- Country: Various
- Founder: Robert Baden-Powell^{[dubious – discuss]}^{[citation needed]}

= Extension Scouting =

Special needs programs in Scouting organizations

Extension Scouting are programs in some Scout organizations for young people with disabilities.

==Background==
Extension Scouting was earlier called Scouts Malgré Tout, which is French for "Scouts Despite Everything". It aims to meet the mandate from Robert Baden-Powell, founder and first Chief Scout of The Boy Scouts Association in the United Kingdom, that the programme be made "open to all."

Scoutlink badge of The Scout Association of the United Kingdom

Young people with disabilities join in with Scout groups on a regular basis but some organizations provide a special parallel program tailored to these participants. For example, The Scout Association of the United Kingdom formed a Disabled Scout Branch in 1926 and has various Scoutlink groups around the country.
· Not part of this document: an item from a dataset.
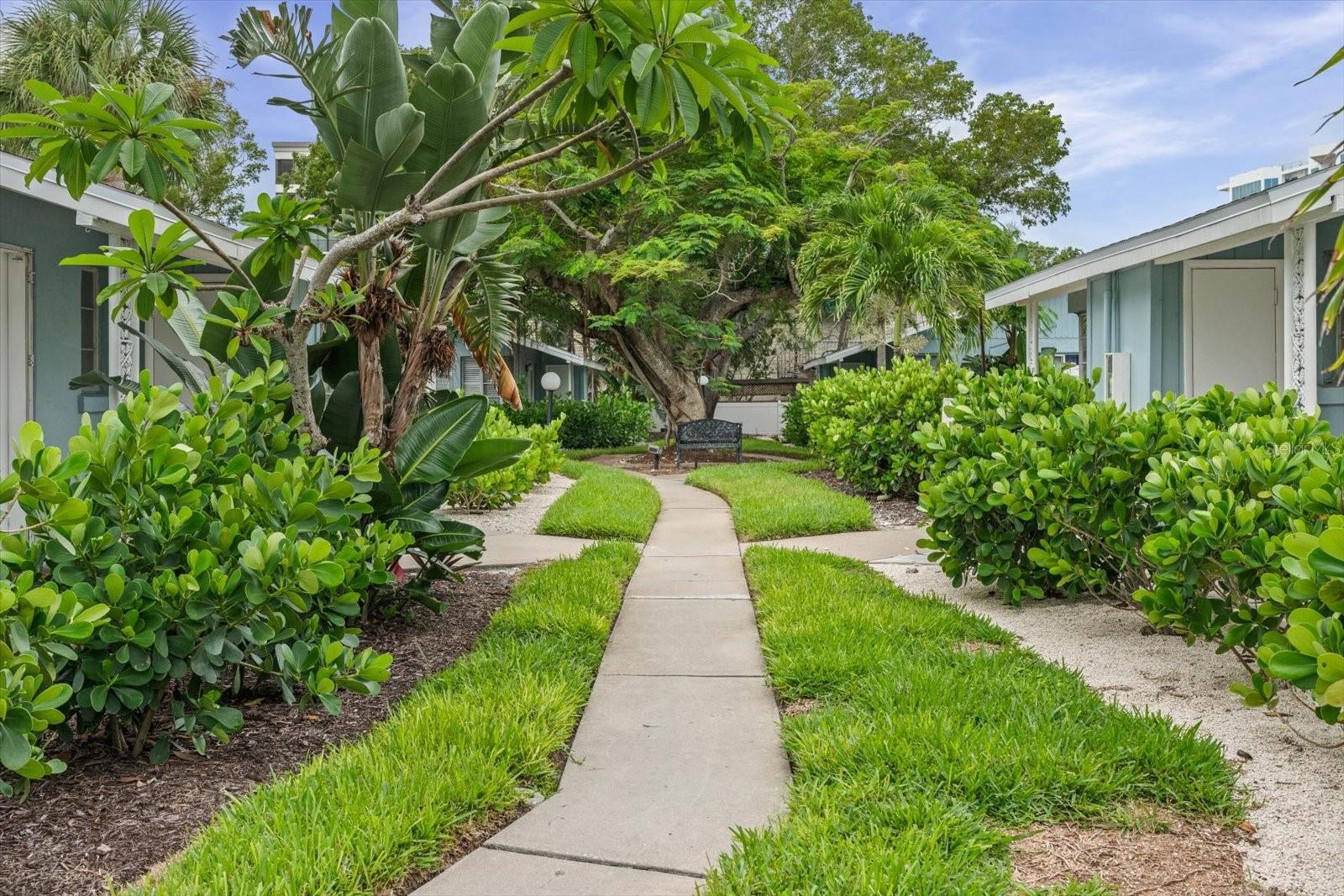 PELICAN GARDENS - Residential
Scoutlink is a program run by The Scout Association of the United Kingdom in order to provide support and involvement for young people and adults with developmental disabilities, a form of Extension Scouting but is also the name of an Internet chat site and joint programs between The Scout Association in Northern Ireland and Scouting Ireland.

Extension Scouting is known by different names:
- in the Netherlands, "Blauwe Vogels" (Blue Birds), after the play L'Oiseau Bleu by Maurice Maeterlinck;
- in Scouts en Gidsen Vlaanderen, "AKABE", Anders KAn BEst (Different is all-right);
- in Polish Scouts, "Nieprzetarty Szlak";
- in Kenya Scouts Association, "Street Scouts".